DATASET EXTRACT Start Marker

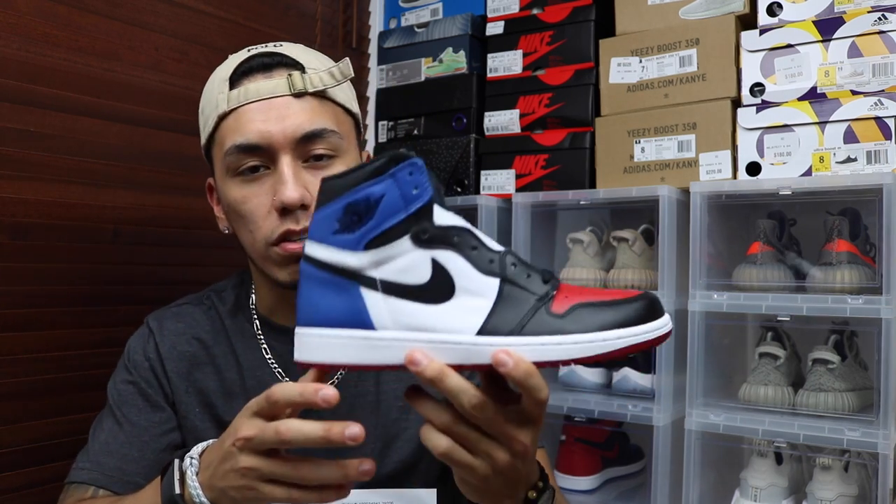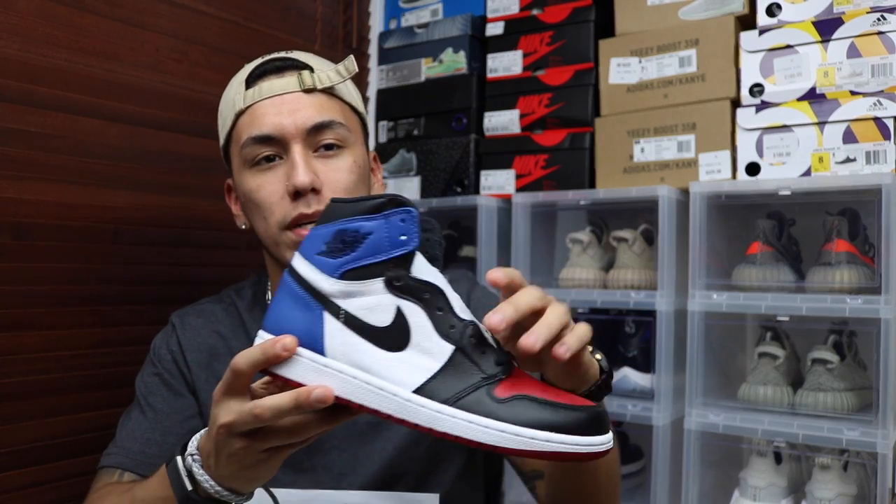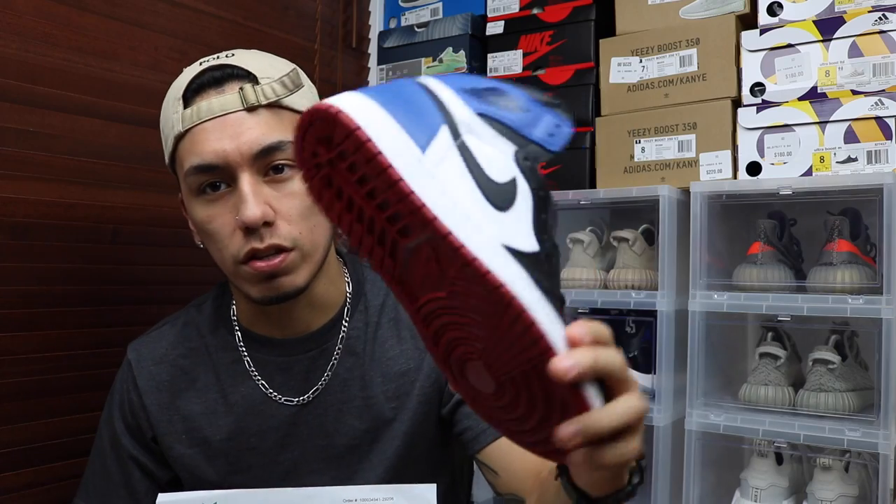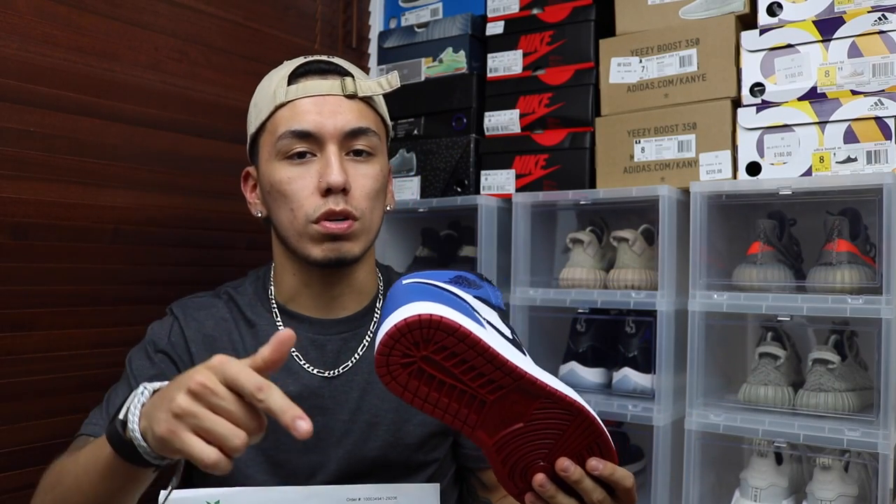What's good sneaker fam, welcome back to Art Sneakers. Before I start with the video, I do want to say that I'm doing a Join It raffle on the Jordan 1 — every ticket is a dollar each and there's a total of 300 entries. Right now there's about 255 taken, so make sure you get them before they're all gone. They are DS and they are size seven and a half, and you can find a link in the description down below.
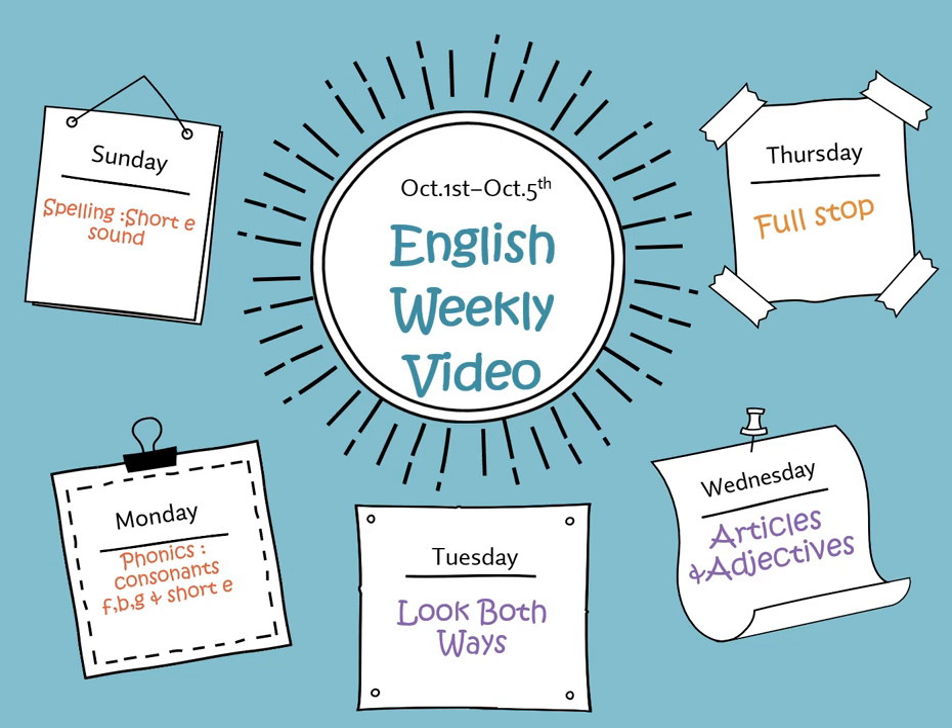Hello superstar first graders! Welcome to your new grade 1 learning journey and new video. We'll discover fantastic stories, participate in exciting activities, and learn interesting information together on this beautiful adventure. So put on your explorer hats because every day is a treasure of knowledge waiting to be found.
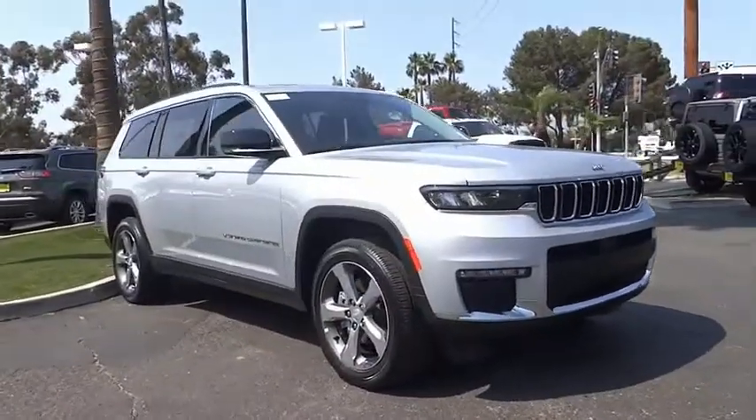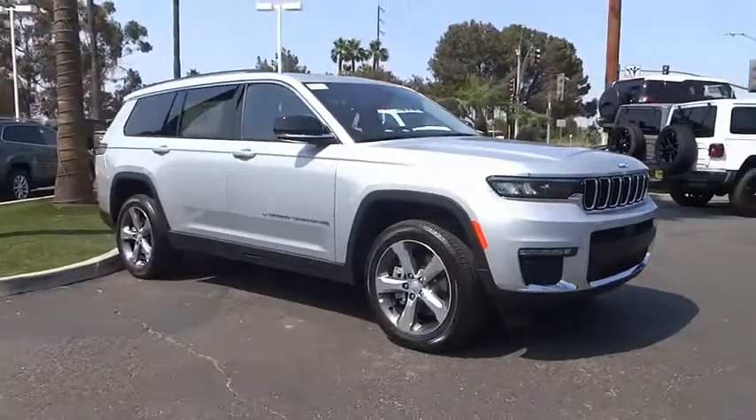A vehicle like this doesn't come along every day. Come in and get it before someone else does.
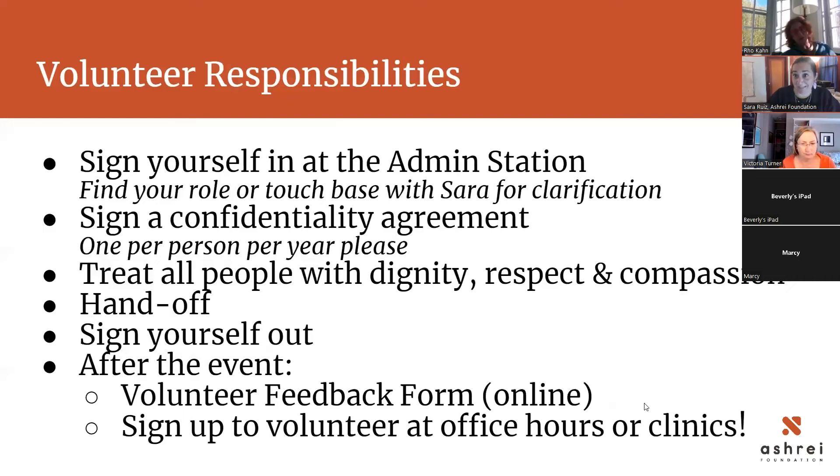No photos or selfies unless both you and the guest are mutually in agreement. The last thing on the confidentiality agreement is about COVID — we are still masking in the clinic spaces. You can bring your own or we provide masks. Everyone will be asked to wear a mask. If you get sick, please let me know within two weeks after volunteering so I can let other volunteers know if they might have been exposed.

DATASET EXTRACT End Marker

- _INSTRUCTIONS FOR THE TASK_: I'd like the material above repeated exactly, with the pictures omitted.

- _THE ANSWER_:
What's good sneaker fam, welcome back to Art Sneakers. Before I start with the video, I do want to say that I'm doing a Join It raffle on the Jordan 1 — every ticket is a dollar each and there's a total of 300 entries. Right now there's about 255 taken, so make sure you get them before they're all gone. They are DS and they are size seven and a half, and you can find a link in the description down below.
Hello superstar first graders! Welcome to your new grade 1 learning journey and new video. We'll discover fantastic stories, participate in exciting activities, and learn interesting information together on this beautiful adventure. So put on your explorer hats because every day is a treasure of knowledge waiting to be found.
A vehicle like this doesn't come along every day. Come in and get it before someone else does.
No photos or selfies unless both you and the guest are mutually in agreement. The last thing on the confidentiality agreement is about COVID — we are still masking in the clinic spaces. You can bring your own or we provide masks. Everyone will be asked to wear a mask. If you get sick, please let me know within two weeks after volunteering so I can let other volunteers know if they might have been exposed.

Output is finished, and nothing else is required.